Okinawa Island by public transport!

October 1, 2018

by T.M.L

Okinawa, the sunny island, full of history and culture. With people from many walks of life coming together. Many who have plans of visiting Japan might not think of Okinawa. But if you get the chance, do not give this a miss. Because there is something for everyone here.

Okinawa Domestic Airport.

Arriving at their international airport. Being people from this time and age, obviously, the very first thing we did when we landed was getting their pocket Wi-Fi.

It’s easy to locate their booth as there isn’t much in their international airport. Once you arrive head out and you will encounter a help desk/customer service desk. And you can inquire about their pocket Wi-Fi. Their staffs are friendly and will do their best to speak to you in English.

The pocket Wi-Fi lasts for about 8 hours a day, so be sure to always charge it fully before you head to bed. And in my opinion, I think it’s important to get Wi-Fi in Okinawa if you are traveling on their public transport like us.

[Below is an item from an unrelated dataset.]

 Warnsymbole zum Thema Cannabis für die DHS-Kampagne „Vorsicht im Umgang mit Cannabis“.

Don’t get lost in Okinawa’s airport. Once you get your Wi-Fi head up and then out. Find the connecting bridge from the international airport to the domestic airport. It’s a link bridge outside of the building itself, walking alongside the carpark. In the domestic airport, it is where everything is located. You will find department stores as well as a food market area. And more importantly, the information counters as well as the monorail station.

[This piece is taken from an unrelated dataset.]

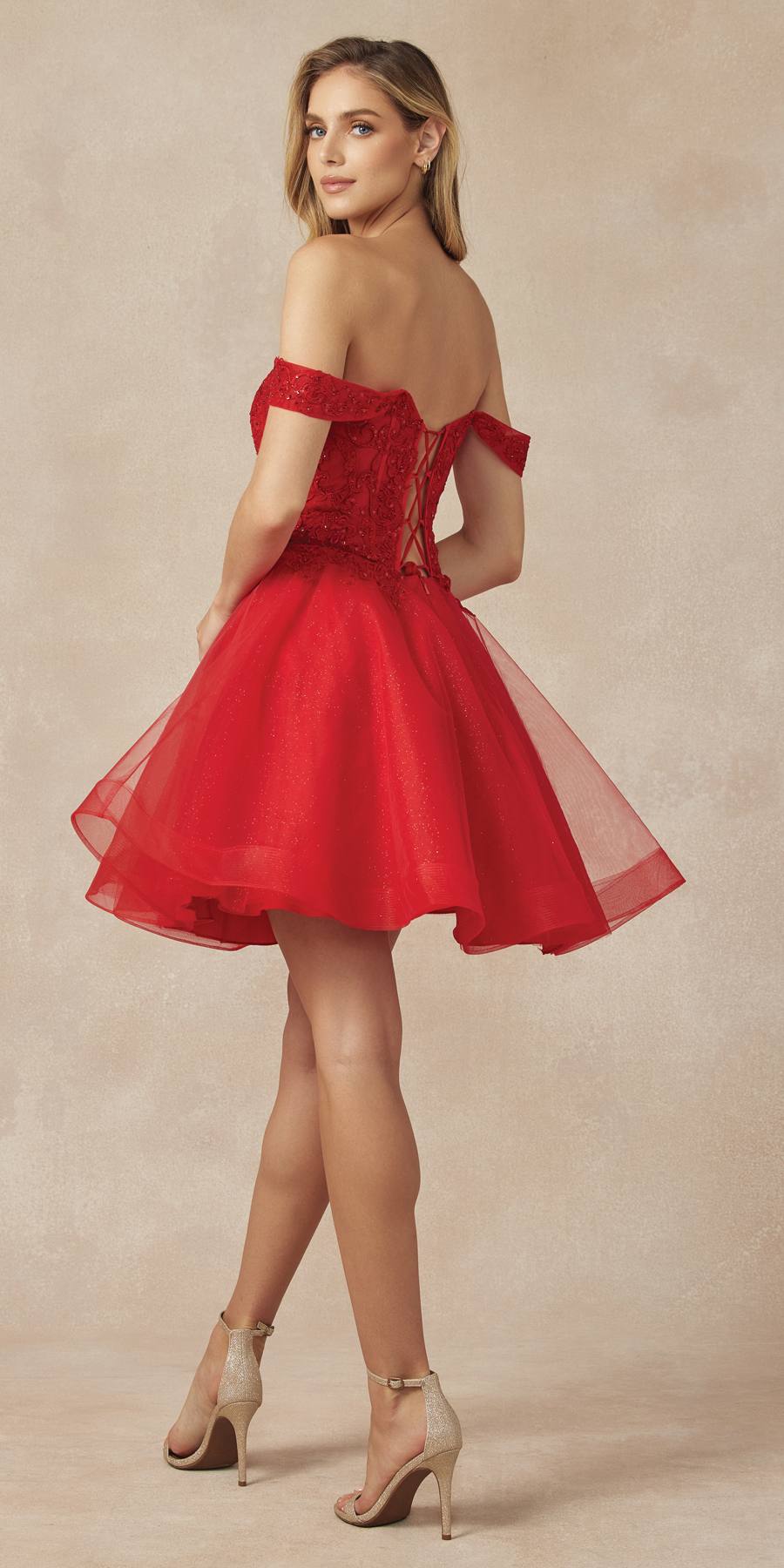 Juliet 880 Glitter Tulle A-Line Cold-Shoulder Homecoming Dress. by DiscountDressShop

Getting Around, Tourist Bus Passes

Bus passes.

It’s a great deal for tourist as they have a 3-day bus pass that allows you to sit any bus except for the expresses and the airport transfers. Price is 5000Yen per person. They have another offer with the monorail one day pass. (You can choose to get this at the airport or at the Naha Bus Terminal)
As for the monorail, I recommend getting their transport card as it is more convenient. (This card allows you to pay for bus rides too) The monorail only travels around Naha, you won’t need to keep buying their rail ticket. Also, nearing the end of our trip we didn’t have the bus pass anymore, but we weren’t traveling a good far distance that required paying for another bus pass. Thus the card comes in super handy! (You can get this at any station via the machines)

**Important note**
Planning and using the bus pass to its full potential is the most important. As the passes only work for 3 consecutive dates. So discuss with your travel mates how you would do it!

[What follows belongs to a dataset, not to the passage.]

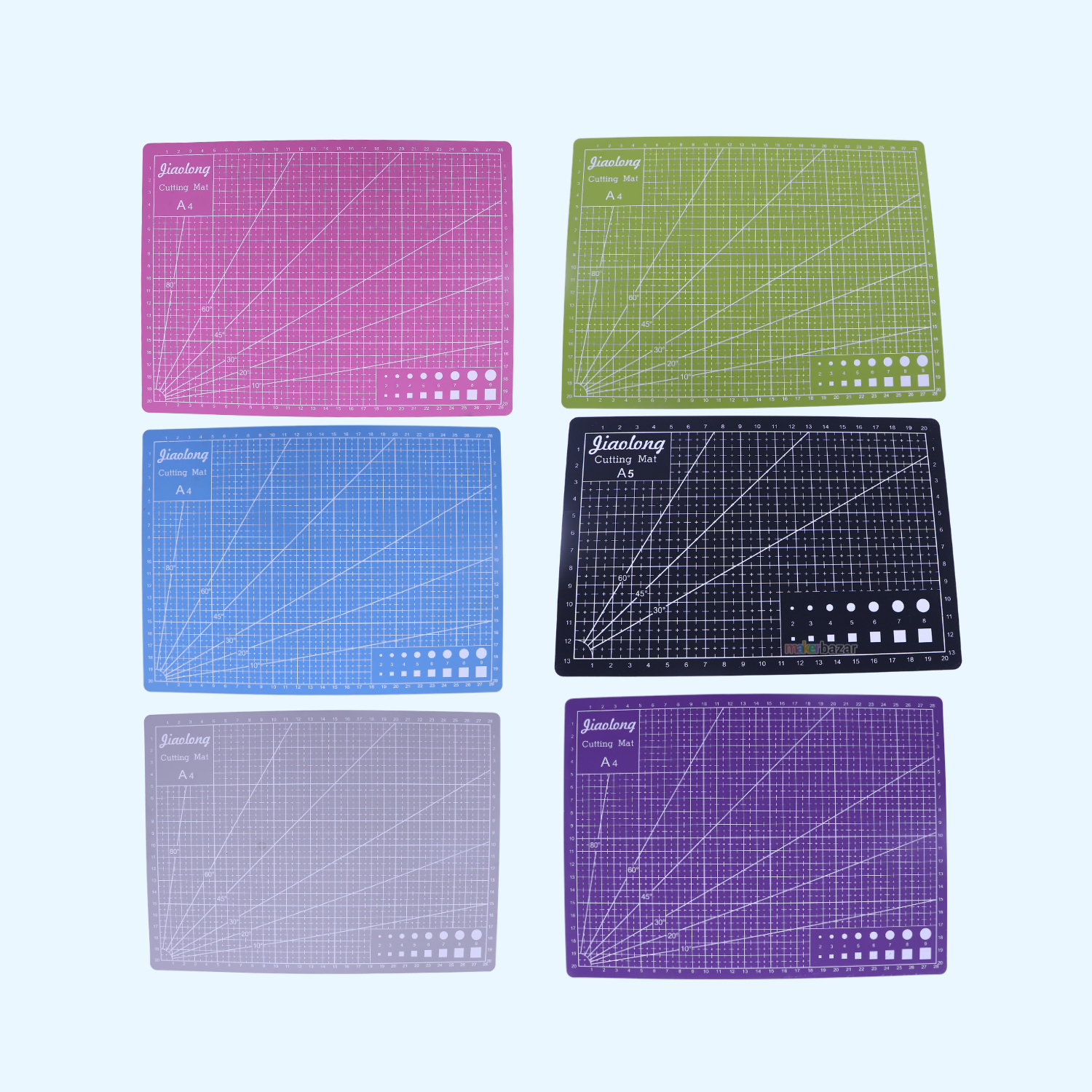Self-Healing 5-Layered Flexible Cutting Mat Marked with Pattern and Gr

Here is a rough timeline of our planning
Day 1, Monorail to Oroku station and back | Day 2, Walking | Day 3, Monorail to Shuri Castle, walking around| Day 4, Bus Pass to Nago Area | Day 5, Bus Pass to Yomitan Area | Day 6, Bus Pass to Chatan Area | Day 7, Bus (Using the Transport Card) to Itoman Area | Day 8, Solo day (I walked) | Day 9, Bus (Using the Transport Card) to Outlet Mall | Day 10, Monorail to Airport | I know that the last few days we took bus too but it did not amount up to 5000Y so it was not worth the price of the Bus Pass.

Where to stay: Asahibashi

We got an Airbnb located near the station Asahibashi. (I totally recommend the area if you don’t drive, like us!)

Reasons are, the airport is only 6 station away! About a 20-minute bus ride, so you can catch an early flight home without worrying about the transport.

But the best reason for me was that the Naha Bus Terminal is located right beside this station. From Terminal, you could get to almost everywhere in Okinawa. Though the station is currently undergoing construction they have a makeshift office space where their staffs will help you with any of your questions.

The last reason is that, well it’s a personal reason. The sea is only about a 30 minutes’ walk away! And although too many 30 minutes is far, I think the walk is beautiful because we get to see the town and the place as it is.

Once you are done settling in your hotel/Airbnb. Head to one of the malls to stock up on water and other goodies for your trip.

The nearest mall to Asahibashi is an Aeon mall located at Oroku Station. You can Japan snacks and goodies here. But bring a recyclable bag as their plastic bags are chargeable!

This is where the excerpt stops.